So I'm starting to wonder....when did my life become so boring and predictable?

I have too many responsibilities.... I liked to give a few up please.

44 days till the end of the semester and that means 44 days till summer and not so many responsibilities.

I want to be a freshmen again...really life was a lot easier then...still had 4 years ahead of me and it was ok to be not responsible and I still knew that I had 4 years left to be irresponsible.

Oh jeez


Sunday, March 18, 2007

So it's officical ...I'm done..really this time...I mean it!


Saturday, March 03, 2007

So...are we all ready for a profound entry...ha...probably not!

I'm extremely antzy....I need to get out of this place for awhile!!! Good thing Mexico is right around the corner.  I have this same feeling that I had during my last two years of high school.  I'm ready for a change...man I wish I would of went somewhere else for school.  I really don't fit in here and Fargo is driving me nuts. Too bad money doesn't grow on trees.

Maybe it's just the snow...the 12 feet that we got!!

This week is going to take forever and I have a feeling I'm going to suck at the tests I have coming up ...no motivation.

I have a feeling that rebeling is going to be taking over soon and will not be ceasing after I return from spring break!! I'm gonna take a good friend's advice and live a little or at that...a lot.

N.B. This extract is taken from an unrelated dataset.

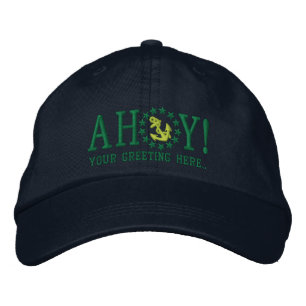 Personalized AHOY! Nautical Greetings Embroidery Embroidered Baseball Hat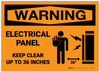 Warning: Electrical Panel - Keep Clear up to 36 Inches With Graphic - Label Warning: Electrical Panel - Keep Clear up to 36 Inches With Graphic - Label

I have this urge to go sit outside...maybe I could make an igloo and meet a nice, semi-gooding looking eskimo and have short, round, semi-good looking children together...doubtful.

You would tell me the truth right?  Am I slightly defective?

 

 

Actually don't answer that...Thanks. 

Tell me again why I still have xanga?                                                     Oh yeah...to distract me.

 

So this is what I do on my Saturday off. I swear I was productive this morning...really.

K now I need to end this pointless entry and go eat dinner with my family.


Thursday, December 28, 2006

Well, I kept my promise. And it is finally Christmas break...I didn't think I'd make it!!! 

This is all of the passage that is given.